Julian, please be merciful. Although my office sends out those two
or three pages, it's for you to select what you want to tell the
people and he selected well, and he was merciful and I appreciate
it. I also want to thank my sponsors for bringing me here to the
University of Virginia. It's extraordinary to see a Women's Center.
Just to be able to put the words together at this university is
a wonderful thing. Women's Center. You see, you have to put yourself
in the context of where I was, where I am coming from. I came to
the University in 1967. Now, someone told me, a friend said, Elaine,
women don't tell. They can do the math for me. That's alright. I
can handle the math, but the idea of a Women's Center at this University
was just something that one just didn't think of. I mean, women
were not admitted to the undergraduate school until after I had
graduated from Law School, and to see what the years have wrought
is wonderful. There's been growth here and I just hope Mr. Jefferson
can handle it all today -- with a Women's Center and my getting
this wonderful award and all of you here this afternoon.

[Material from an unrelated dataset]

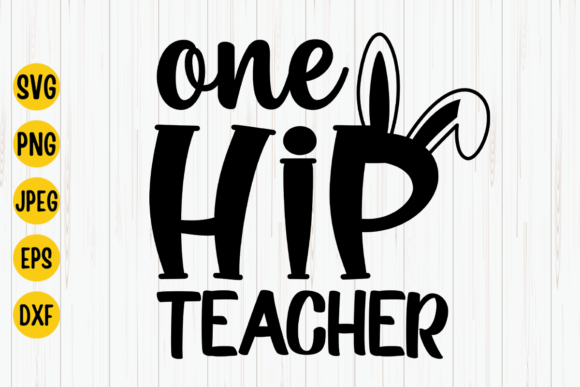 Easter Teacher Svg, Graphics & Crafts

I arrived this morning and I was
to have arrived last night and when I got here, I was picked up
at the airport and I was the last one to get off the plane and then
I disappeared in the ladies' room. So the person who was picking
me up looked around and looked, and then she said, where is -- to
herself, I could see it in every fiber of her body -- where is this
woman? Is she coming? She promised. It's been a wonderful day so
far, meeting with the students over at the Law School at lunch and
now spending a little time with you this afternoon. With all the
competing things going on on campus, I don't know whether it's a
course requirement or are the professors taking notes. I don't know
why it is you're here, but whatever the reason I'm grateful, and
I promise you I will make it as painless as possible.
It reminds me of the student who
when the student was asked if he had an hour to live, how would
he spend it. The student thought. He said, "Well, I'd like
to spend it in Professor Jones's class." And he said, "Well,
why Professor Jones's class?" "Well, an hour in there seems like
a lifetime,"
so I'll try not to make it a lifetime.
The anthropologist Margaret Mead
made a statement that has resonance for us today and her quote is
"never doubt that a small group of thoughtful committed citizens
can change the world. Indeed, it's the only thing that ever has."
That speaks to me. "Never doubt that a small group of thoughtful
committed citizens can change the world. Indeed, it's the only thing
that ever has," and I believe her to be right. I completely
agree.
When I came to the University in
1967, I came with one goal. That was to graduate. Not simply to
be a statistic, but to be a graduate of this institution, to learn
what I could, take from the Law School and to apply it in the best
way that I could. Now, coming from the Peace Corps, a Wall Street
job was quite something to get; $18,000 a year in 1970, ladies and
gentleman, it's about $100,000 today. That's good money having made
$40.00 a month, you know, in the Peace Corps for two years, but
that is not the reason I had gone to law school. I went to law school
because my mentors were Constance Baker Motley and Thurgood Marshall
and Charles Hamilton Houston and all of those people that Julian
mentioned whose footsteps are too big for any of us to fill, because
we have to make our own footprints.
Now, as Julian told you, Thurgood
Marshall started the Legal Defense Fund in 1940 and he spent 21
years there as head of LDF. Prior to that, he had been legal counsel
of the NAACP and from '40 to '61 he wore two hats. Still, general
legal counsel of the NAACP and was director counsel for the Legal
Defense Fund, and so the organizations, while separate today, our
birth comes from the NAACP but Thurgood and George Wilkins and others
thought that the lawyers should be chartered separately under the
laws of New York State and so they did get it chartered in 1940.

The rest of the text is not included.